Вот направление мыслей, которое породила многолетняя война.

Стало, однако, темнеть. Задернули занавески. Углубились в книги — и незаметно подкралась беспредметная, тягучая тоска.

Искусственный покой, когда кругом все пылает, хуже работы. Она отвлекает и рассеивает. Но зато как полезно искусственное уединение. Как оно удобно для того, чтобы осмотреться, обдумать все назревшее.

Я постучал к адмиралу. Он сидел за книгой и был, по-видимому, недоволен, что его покой опять нарушен. Мне нужно было получить некоторые указания. Разговорились. Зашла речь о впечатлениях командированного мной в губернские города Сибири помощника моего Бутова.

— Всё одно и то же, одно и то же. Как же, наконец, это исправить? — сказал адмирал. — У вас-то самого есть какое-нибудь предложение?

Действительно, всё было «старое», набившее оскомину и в то же время до боли живое, вопиющее. Беззакония на местах, невероятные задержки центра в ответах на запросы с мест, волокита, безграмотная военная цензура, которая доходит до того, что извлекает из газет заметки управляющих губерниями.

Приказать, чтобы было иначе, — это не значит что-либо сделать; все будет идти по-прежнему. Издать хорошие законы? Какие гарантии, что они исполняются?

— Знаете, — сказал адмирал, — я безнадежно смотрю на все ваши гражданские законы и оттого бываю иногда резок, когда вы меня ими заваливаете. Я поставил себе военную цель: сломить красную армию.

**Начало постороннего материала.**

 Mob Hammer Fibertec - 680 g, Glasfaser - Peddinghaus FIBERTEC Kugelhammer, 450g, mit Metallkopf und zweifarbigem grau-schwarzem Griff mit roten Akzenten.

Я — Главнокомандующий и никакими реформами не задаюсь. Пишите только те законы, которые нужны моменту. Остальное пусть делают в Учредительном Собрании.

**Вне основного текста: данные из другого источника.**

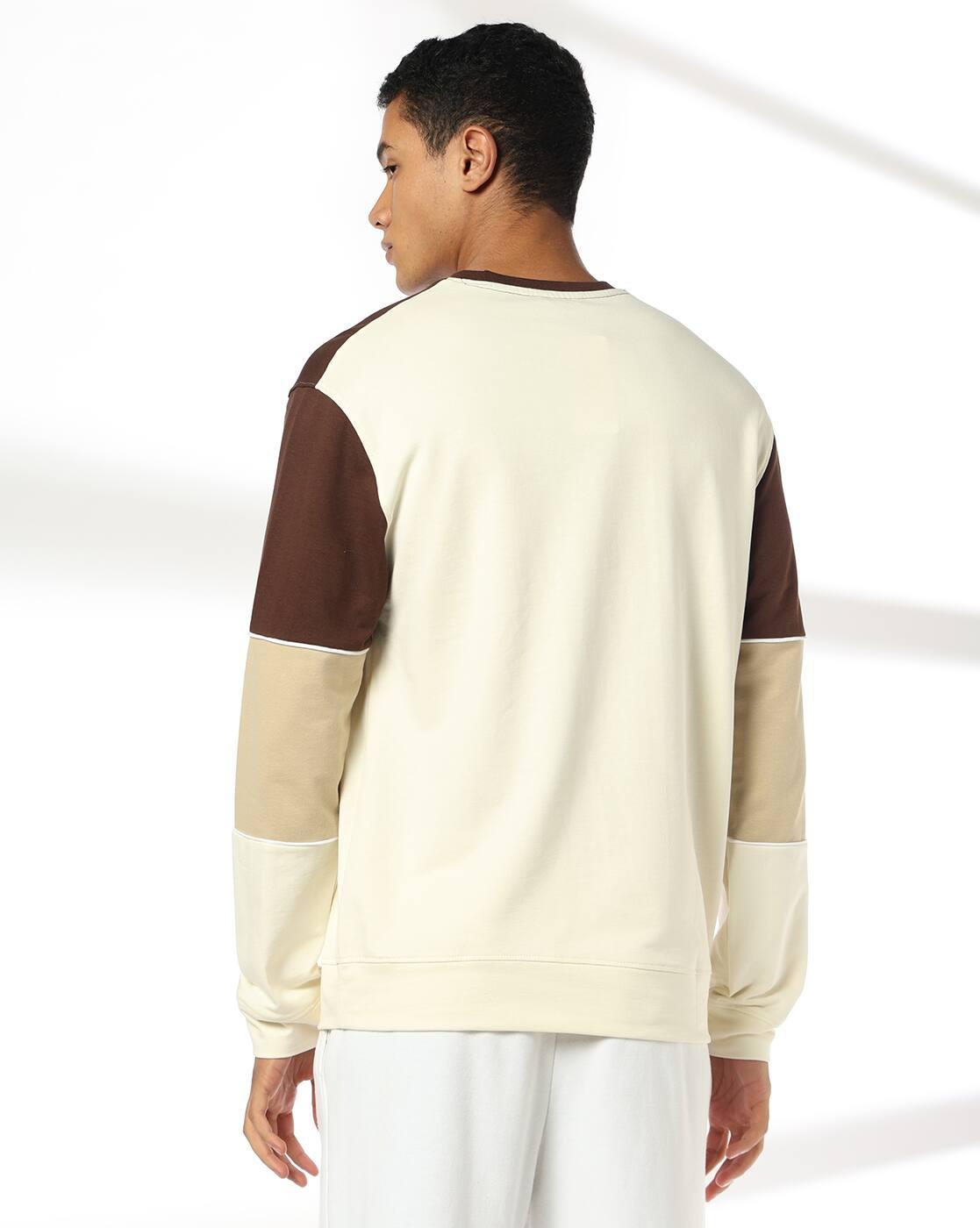 Men Colourblock Regular Fit Sweatshirt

— Адмирал! Мы ведь только такие законы и пишем. Но жизнь требует ответа на все вопросы. Чтобы победить, надо обеспечить порядок в стране, надо устроить управление, надо показать, что мы — не реакционеры, — словом, надо сделать столько, что на это у нас не хватает рук.

— Ну и бросьте, работайте только для армии. Неужели вы не понимаете, что, какие бы мы хорошие законы ни писали, все равно нас расстреляют, если мы провалимся!

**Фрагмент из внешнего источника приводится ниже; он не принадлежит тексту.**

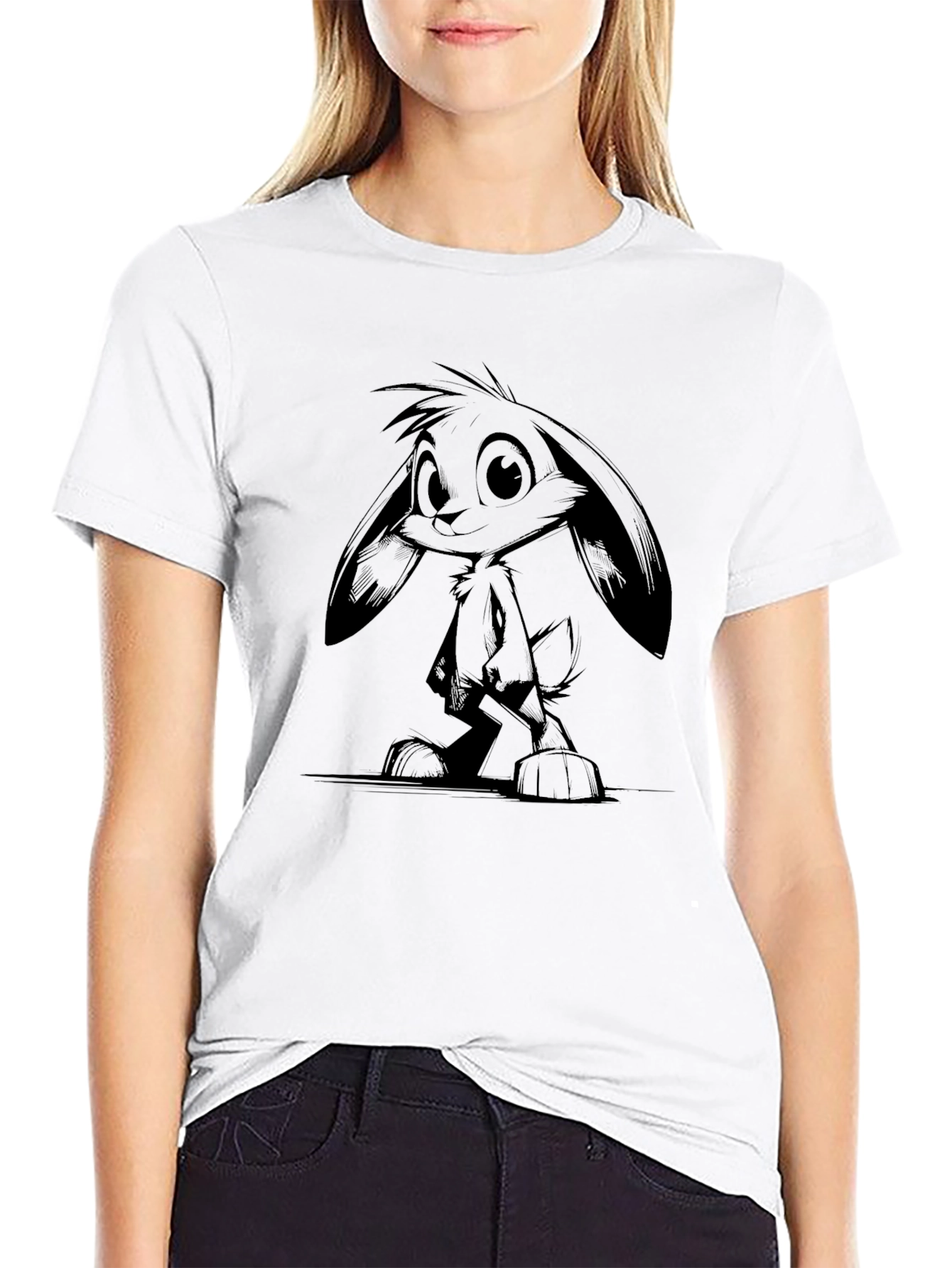 Cartoon Rabbit Graphic Black T-Shirt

— Отлично! Но мы должны писать хорошие законы, чтобы не провалиться.

— Нет, дело не в законах, а в людях. Мы строим из недоброкачественного материала. Все гниет. Я поражаюсь, до чего все испоганились. Что можно создать при таких условиях, если кругом либо воры, либо трусы, либо невежи! И министры, честности которых я верю, не удовлетворяют меня как деятели. Я вижу в последнее время по их докладам, что они живут канцелярским трудом; в них нет огня, активности. Если бы вы вместо ваших законов расстреляли бы пять-шесть мерзавцев из милиции или пару-другую спекулянтов, это нам помогло бы больше. Министр может сделать все, что он захочет. Но никто сам ничего не делает. Вот вы излагаете мне разные дефекты управления, ваш помощник их видел — что же вы сделали, чтобы их устранить? Отдали вы какие-нибудь распоряжения?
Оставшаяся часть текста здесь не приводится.